[[ Material provided open ]]

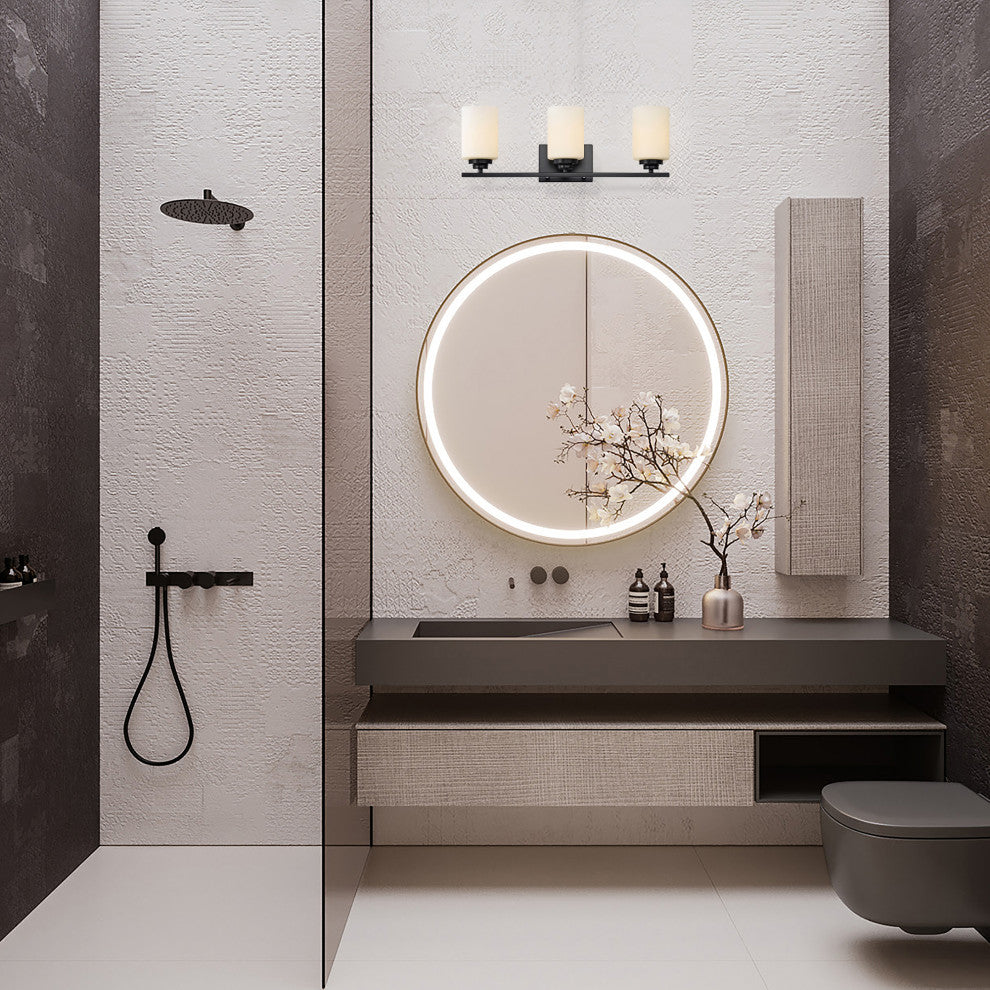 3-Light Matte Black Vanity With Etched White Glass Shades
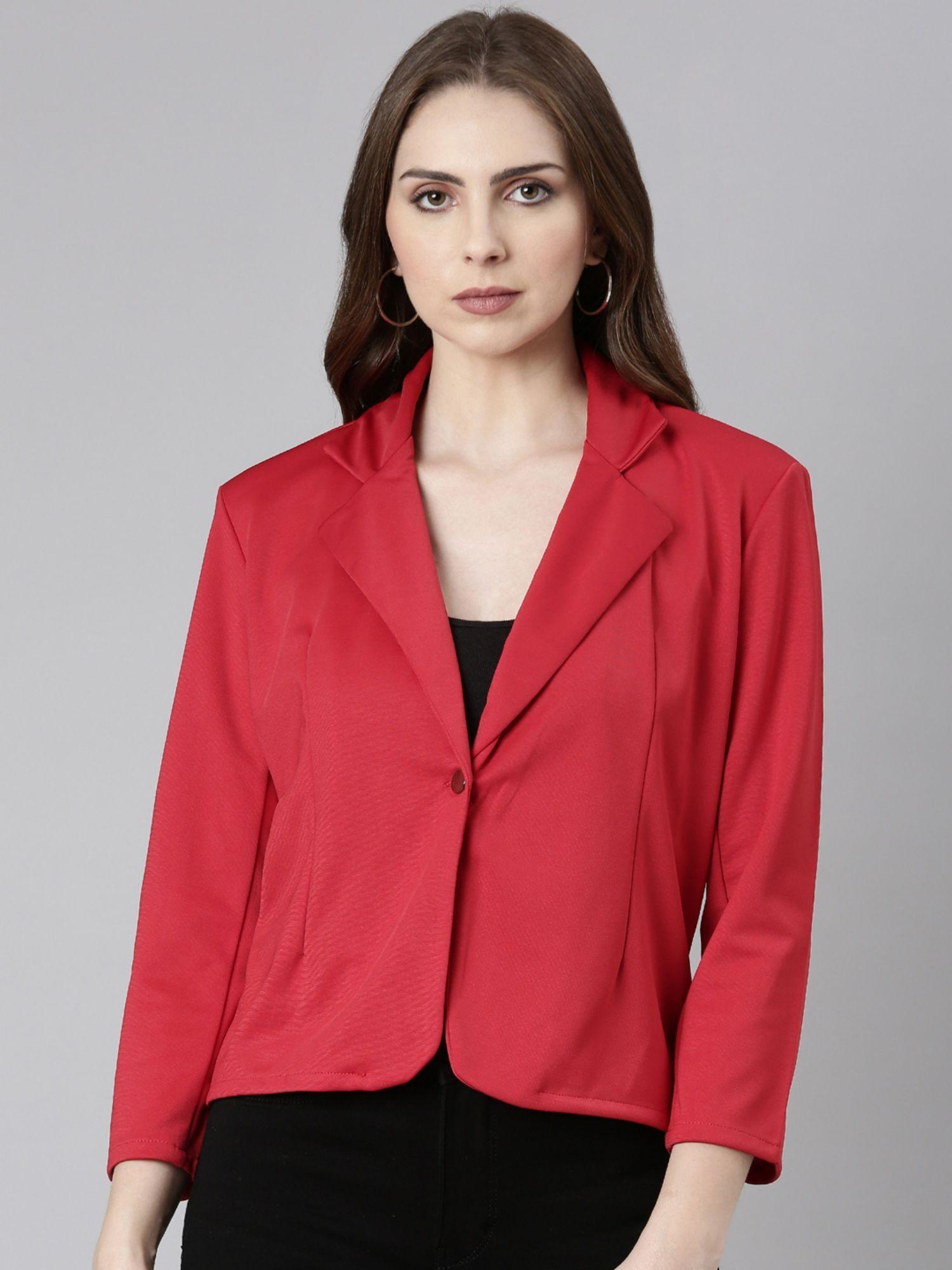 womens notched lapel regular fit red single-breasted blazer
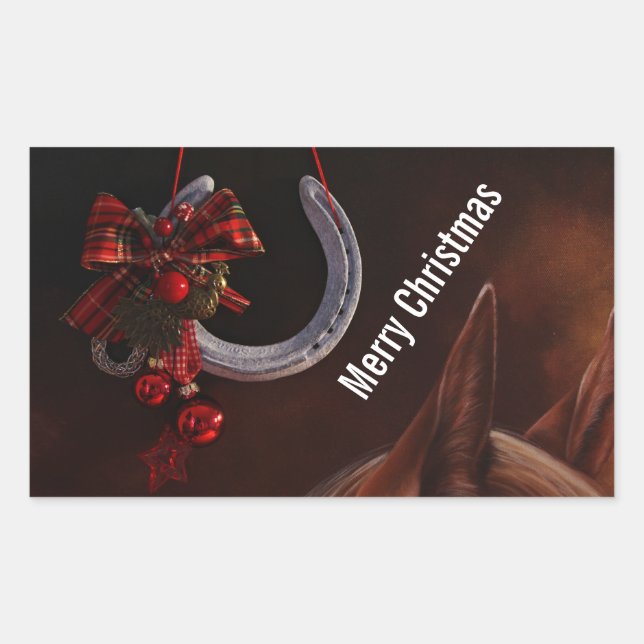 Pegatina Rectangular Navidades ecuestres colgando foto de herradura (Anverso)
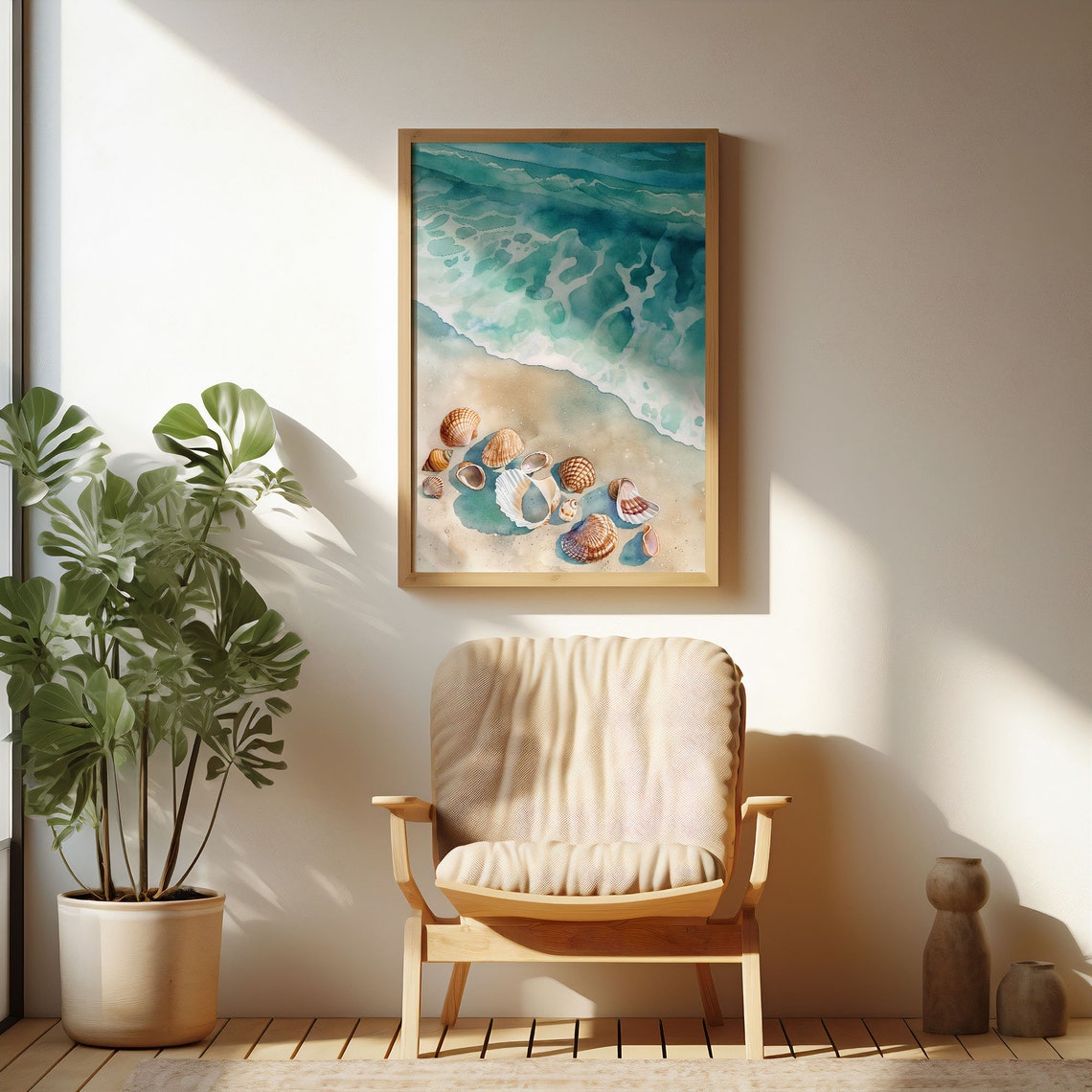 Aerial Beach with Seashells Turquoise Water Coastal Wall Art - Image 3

[[ Material provided closed ]]

Write out exactly the lines running from the one with "womens notched lapel" through the end of the material, both ends included, while leaving the pictures out.

_Result for this exercise_.
 womens notched lapel regular fit red single-breasted blazer
 Pegatina Rectangular Navidades ecuestres colgando foto de herradura (Anverso)
 Aerial Beach with Seashells Turquoise Water Coastal Wall Art - Image 3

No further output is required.